The latest analysis from New Carbon Finance suggests emissions from the EU ETS
totalled 2.1Gt CO2 in 2008, down 3% from 2007 levels. Even taking into account
reduced economic output, its analysis indicates that the largest cause of the reduction
is the EU ETS itself encouraging greater use of gas in power generation.
In a report released to its clients, New Carbon Finance estimates the impact of the financial
crisis and ensuing economic recession on emissions from installations covered by the EU
ETS in 2008. The analysis, coming two months before the official release of the data by the
European Commission, underlines the close relationship between economic activity and
emissions of carbon dioxide in the European Union.

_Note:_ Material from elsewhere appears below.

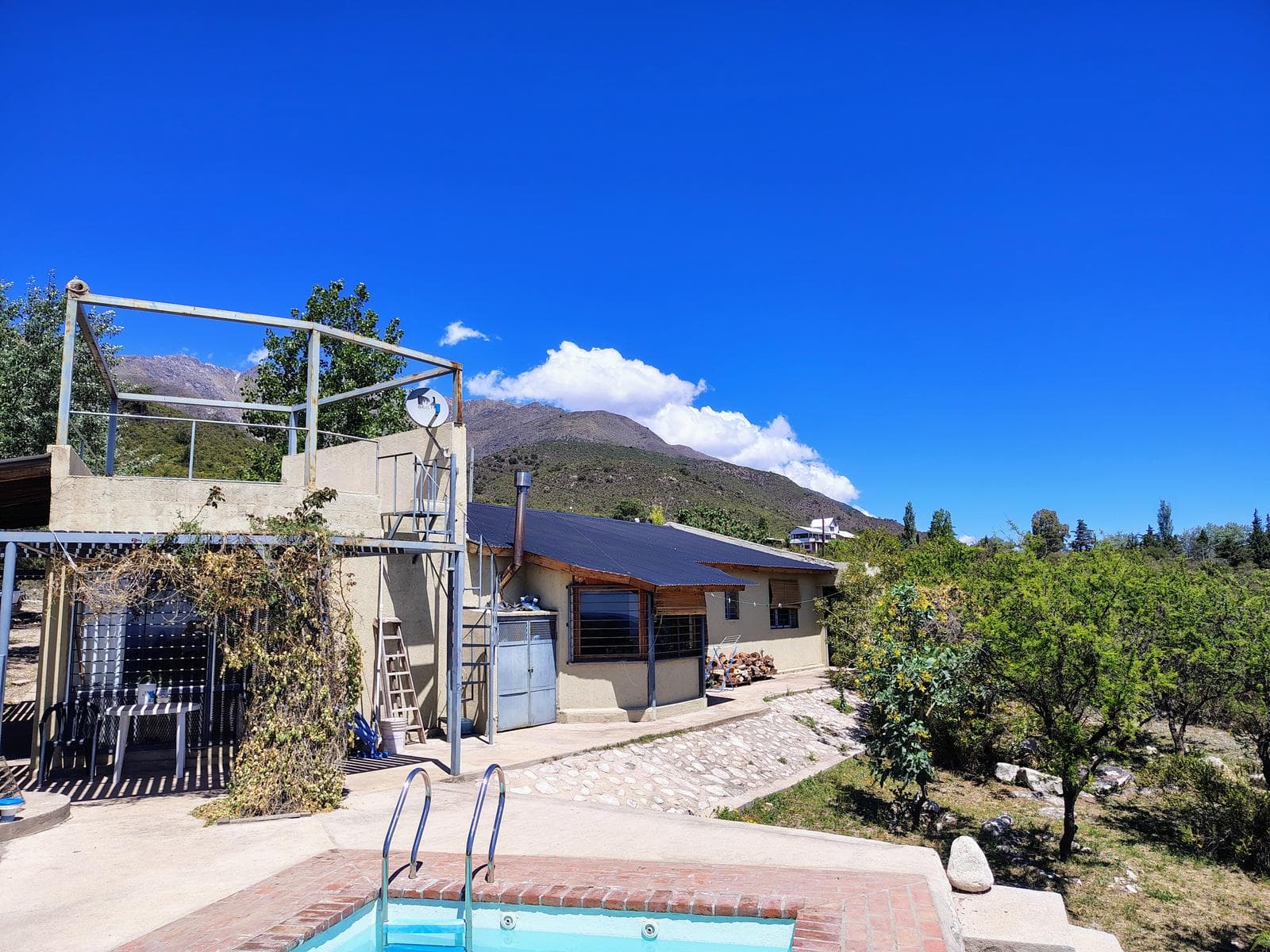 New Listing! House with Pool in Los Hornillos | Stunning View of the Mountains | Deed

Output cuts bring emissions down
Emissions from industrial sectors included in the EU ETS decreased 5% in 2008, and were
driven by the downturn in construction in countries such as Spain and the UK and the severe
crisis affecting manufacturing sectors in the fourth quarter of the year.
Cement was the worst hit by the recession, with output falling 17m tonnes, or 9%, over the
course of 2008. Steel production was also hit by the slowdown in both automotive sales and
the downturn in construction, decreasing 30% in the last quarter to finish the year at -6%. 
Power generation up, CO2 emissions down
Despite total generated electricity increasing 0.3%, CO2 emissions from the power sector fell
2% to reach 1.5Gt CO2 in 2008. This was underpinned by a fall in emissions from power
stations running on coal and lignite as well as a higher recourse to gas for power generation.
Other factors explaining the fall in emissions were an increase in generation from wind and
hydropower, higher nuclear availability in the United Kingdom and Spain and, finally, high
EUA prices throughout most of the year.